- _Prompt_
Within the listing that follows, reproduce exactly the lines starting at the line with "Once we have" and ending at the line with "What's up everyone, it's", inclusive, and only those. Pictures are dropped.

- _Recorded data_
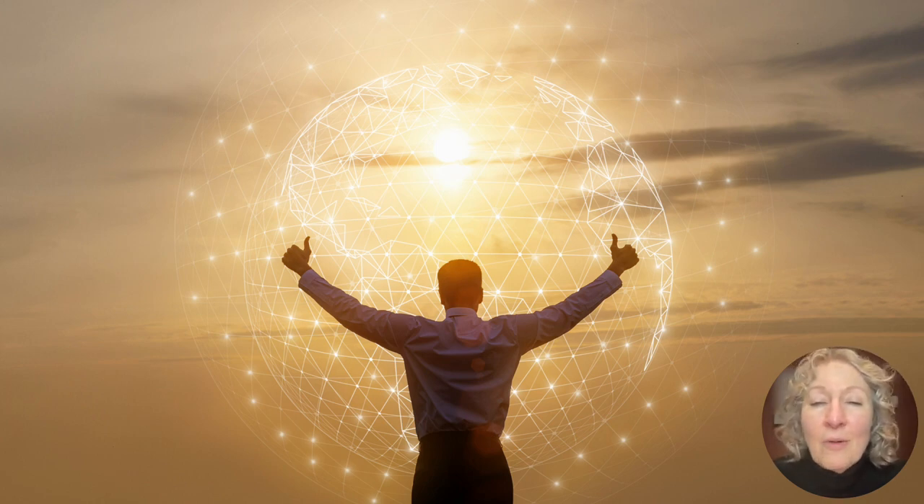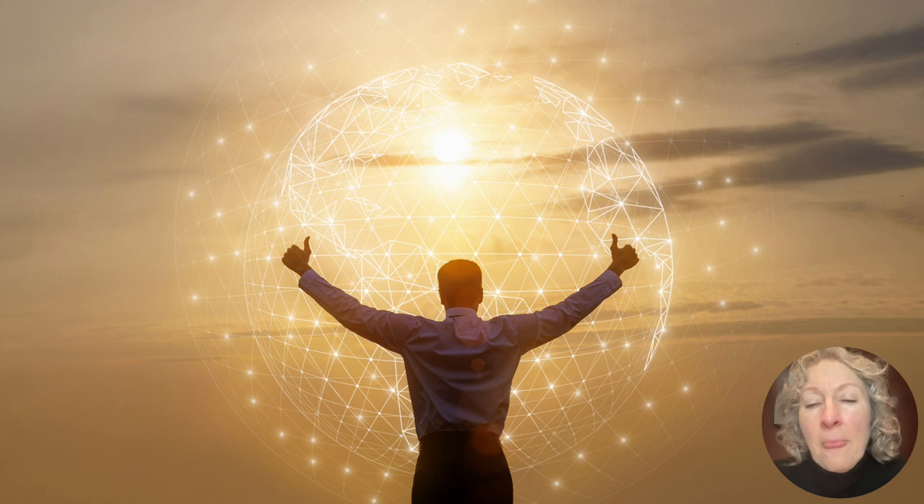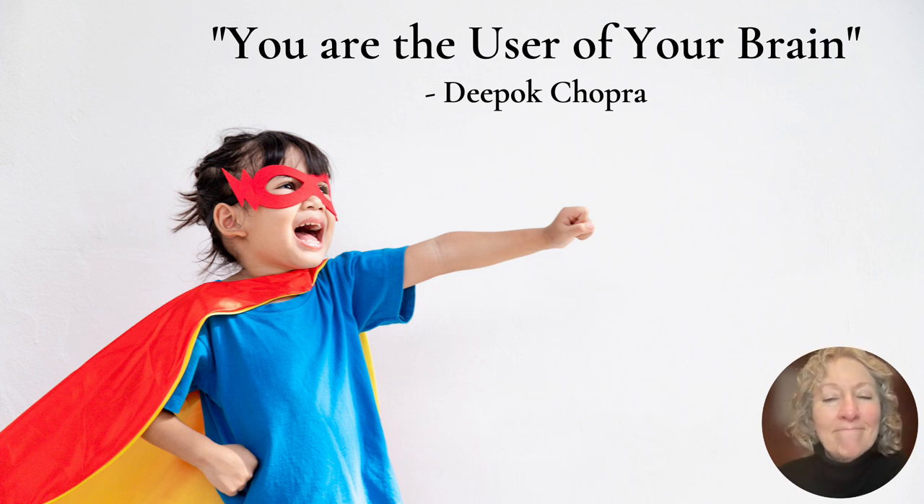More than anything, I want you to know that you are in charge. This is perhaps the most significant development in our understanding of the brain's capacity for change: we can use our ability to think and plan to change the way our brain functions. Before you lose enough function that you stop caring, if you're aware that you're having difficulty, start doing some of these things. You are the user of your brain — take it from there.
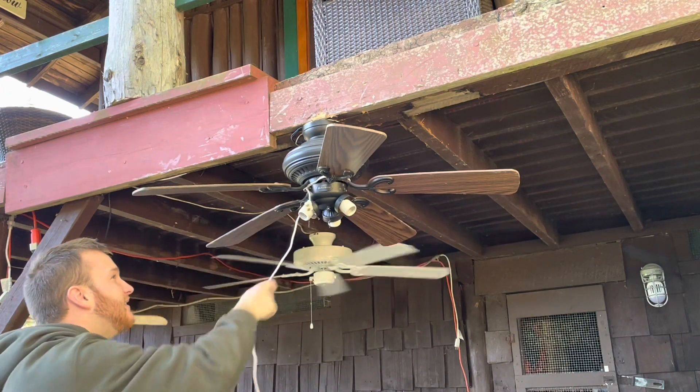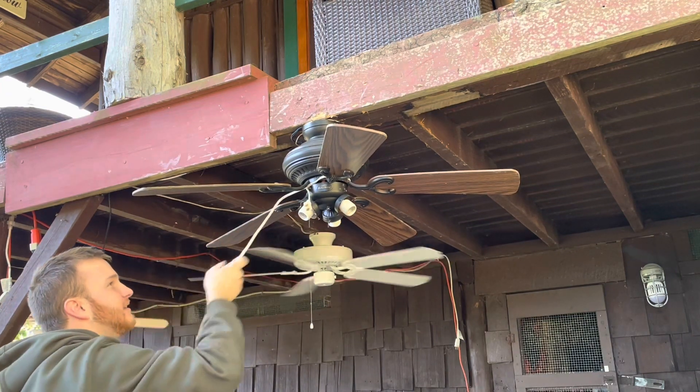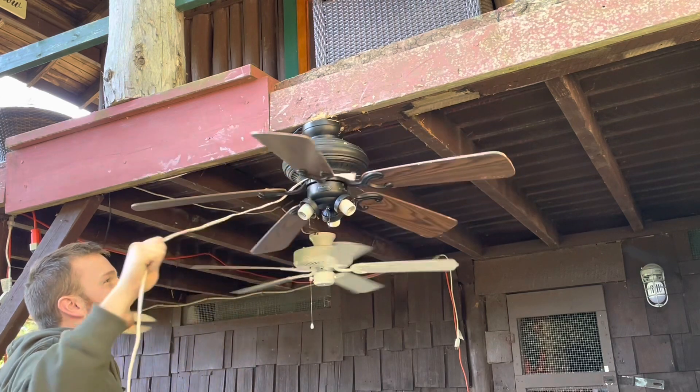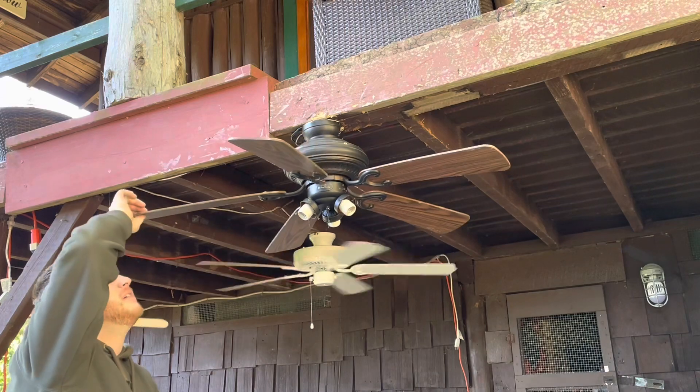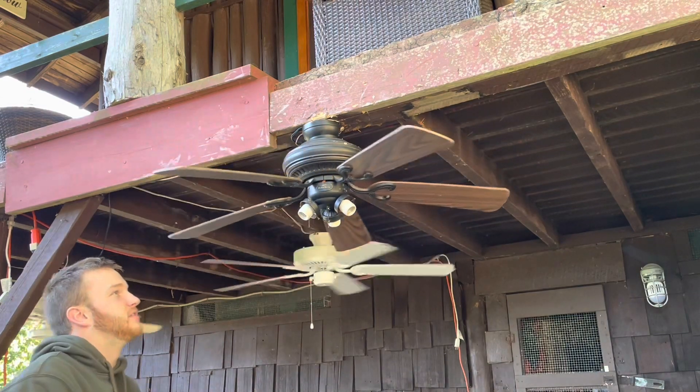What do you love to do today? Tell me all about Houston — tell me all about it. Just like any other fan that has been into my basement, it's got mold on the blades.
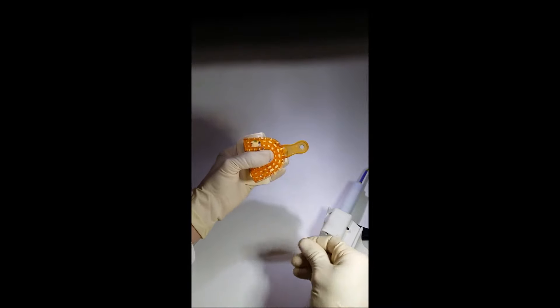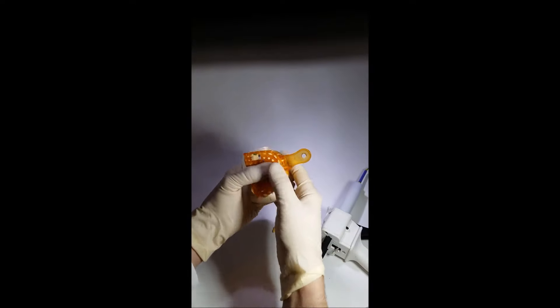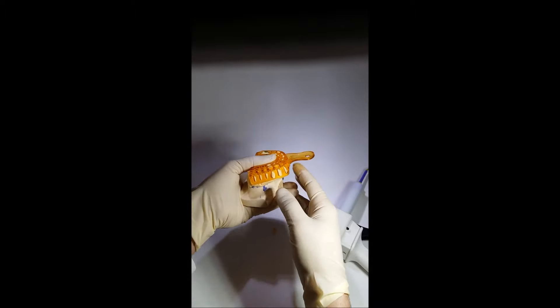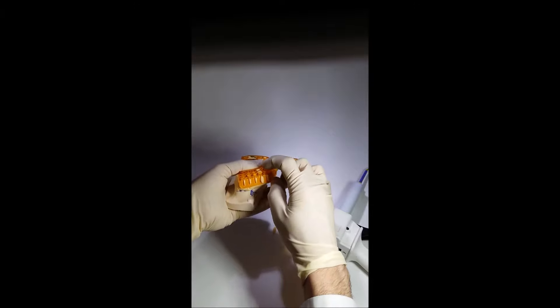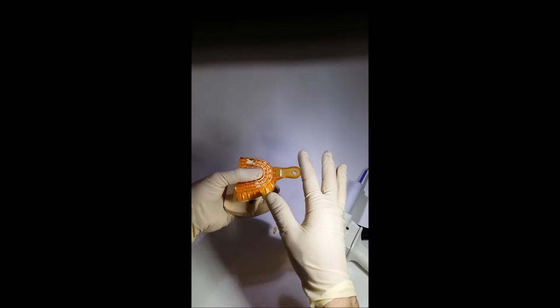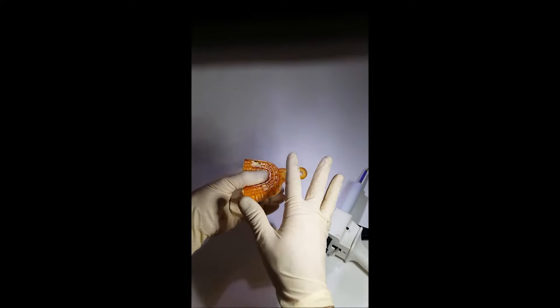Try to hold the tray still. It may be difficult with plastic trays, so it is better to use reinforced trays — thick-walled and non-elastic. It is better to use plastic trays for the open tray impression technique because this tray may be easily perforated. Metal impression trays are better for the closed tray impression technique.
==
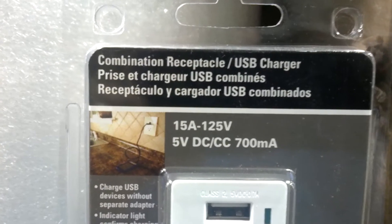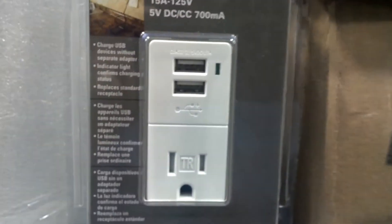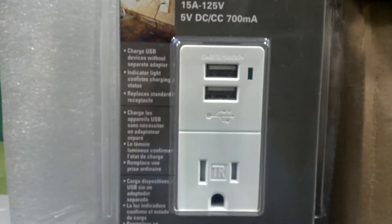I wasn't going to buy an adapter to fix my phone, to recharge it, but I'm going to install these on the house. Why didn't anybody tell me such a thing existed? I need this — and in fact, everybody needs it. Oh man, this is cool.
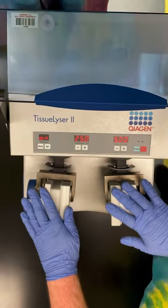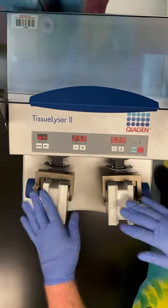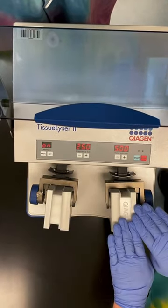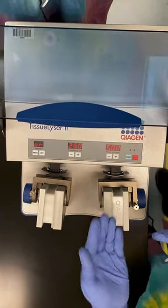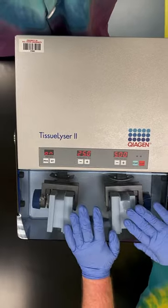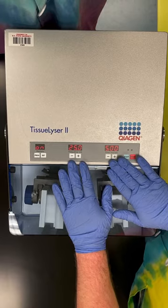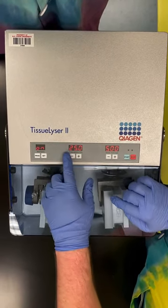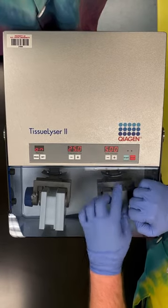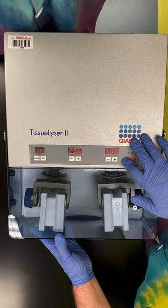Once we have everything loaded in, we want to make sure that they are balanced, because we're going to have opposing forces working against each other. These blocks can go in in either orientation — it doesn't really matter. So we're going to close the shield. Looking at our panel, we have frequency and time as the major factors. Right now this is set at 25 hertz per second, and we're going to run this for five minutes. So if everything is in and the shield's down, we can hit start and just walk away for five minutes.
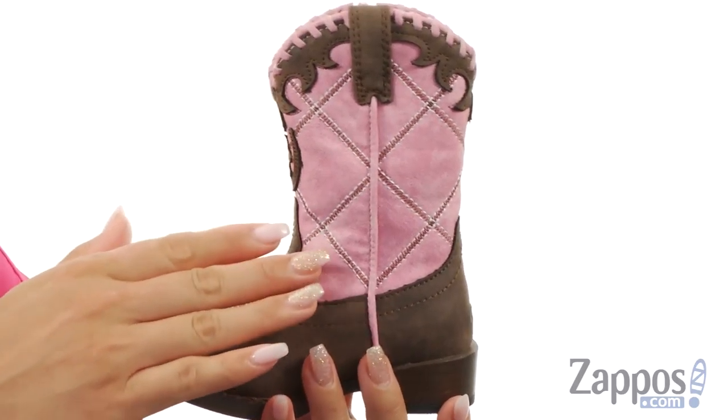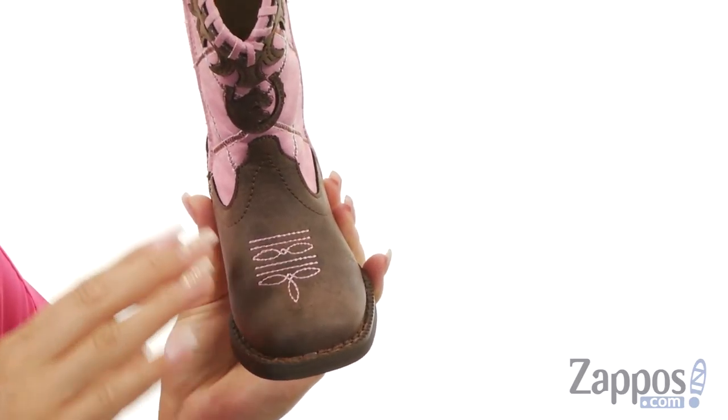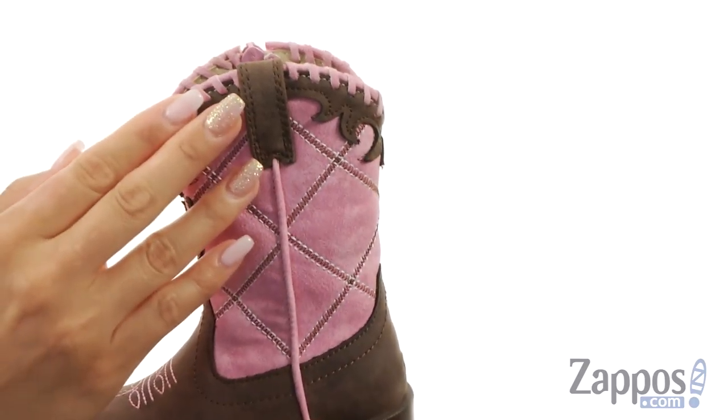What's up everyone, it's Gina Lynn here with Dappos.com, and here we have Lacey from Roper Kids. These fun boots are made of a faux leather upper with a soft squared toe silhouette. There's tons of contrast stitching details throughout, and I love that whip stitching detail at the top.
==
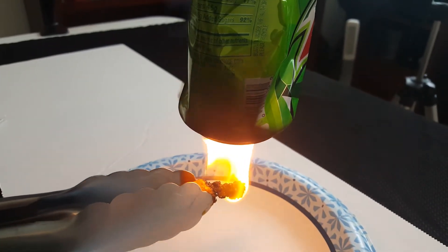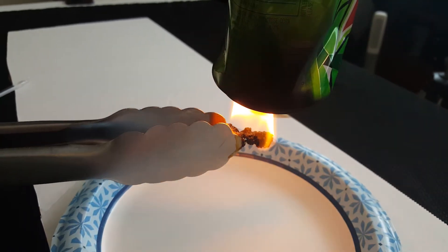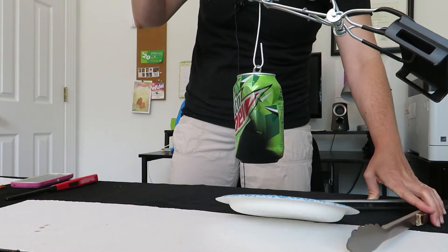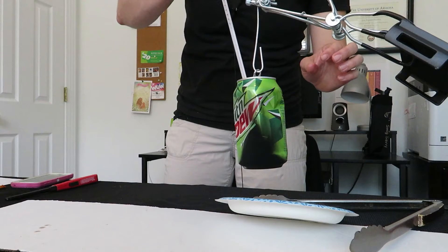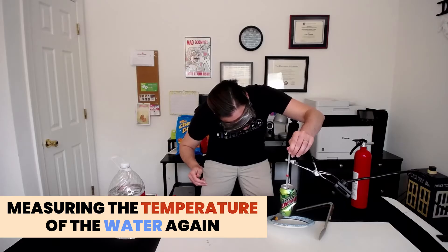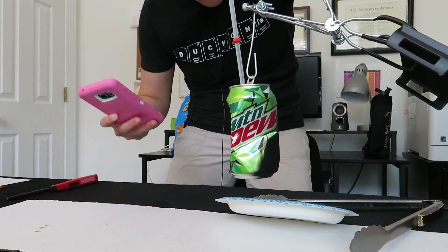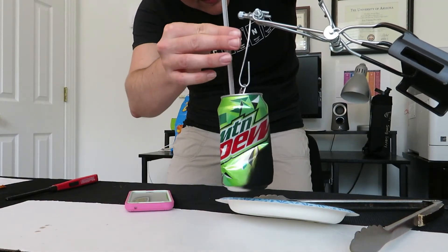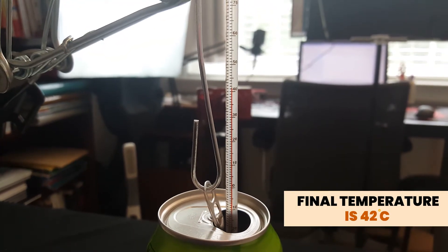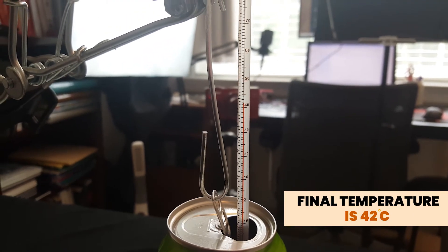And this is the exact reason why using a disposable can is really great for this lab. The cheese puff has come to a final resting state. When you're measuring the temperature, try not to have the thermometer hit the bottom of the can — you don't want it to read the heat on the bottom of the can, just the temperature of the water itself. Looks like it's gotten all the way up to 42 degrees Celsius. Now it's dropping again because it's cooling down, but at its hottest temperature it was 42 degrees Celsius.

- _Exercise response_
Once we have everything loaded in, we want to make sure that they are balanced, because we're going to have opposing forces working against each other. These blocks can go in in either orientation — it doesn't really matter. So we're going to close the shield. Looking at our panel, we have frequency and time as the major factors. Right now this is set at 25 hertz per second, and we're going to run this for five minutes. So if everything is in and the shield's down, we can hit start and just walk away for five minutes.
What's up everyone, it's Gina Lynn here with Dappos.com, and here we have Lacey from Roper Kids. These fun boots are made of a faux leather upper with a soft squared toe silhouette. There's tons of contrast stitching details throughout, and I love that whip stitching detail at the top.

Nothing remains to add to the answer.